Ya
hablaremos, cuando toque, del fracaso de crítica y público que ha supuesto el
espectáculo secesionista catalán en su fiesta
grande este año. Sin embargo, es algo que se veía venir.
Como
dije hace días, el nacionalismo es una ideología, en general, destructiva. Cuando
tiene un enemigo exterior a él, es ese enemigo contra el que se dirigen sus
afanes violentos.

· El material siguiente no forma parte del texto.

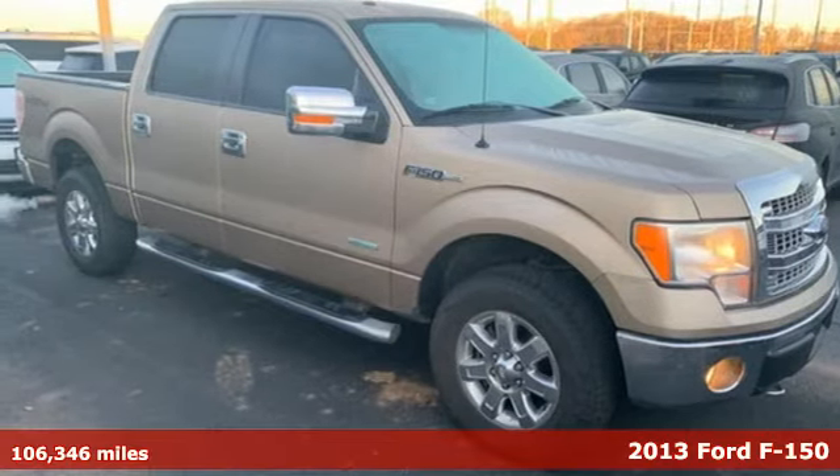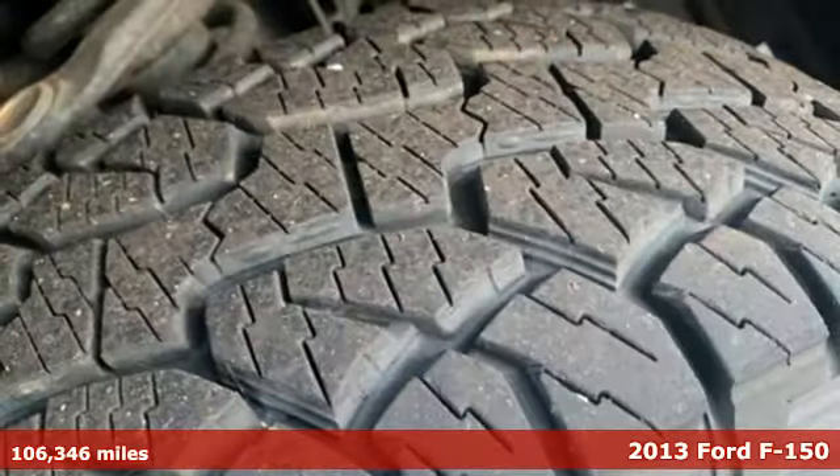Here's a 2013 Ford F-150. Ford, where tradition meets innovation.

Pero cuando, por la razón que sea –enemigo destruido, enemigo
indiferente, enemigo incólume-, desaparece ese enemigo, el nacionalismo se
vuelve contra sí mismo, y emprende una purga de los elementos que considera desafectos.
Lo
malo, para ellos, es que cada grupúsculo considera como desafectos a los demás: los exaltados, porque los demás son
demasiado tibios o contemporizadores; éstos, porque estiman que a aquéllos la
cabeza les huele a pólvora y que pueden arruinarlo todo con su comportamiento
desmedido; etcétera.
Hace
diez días, en Suiza se reunieron los cabecillas de las distintas facciones
golpistas catalanas: Cocomocho, Chistorra, Rovira, los Clicks Unidos de Playmobil, la sedicente
asamblea sediciosa, los de Totum Revolutum… Más allá de las palabras huecas, los tsunamis y demás zarandajas, lo que creo que hay es que todos
quieren ser el líder, el nuevo Moisés que encabece la marcha del pueblo
escogido (ellos) hacia la tierra prometida de la independencia y demás
metáforas bíblicas aplicables.
Y
claro, cuando todos quieren mandar, nadie hace caso.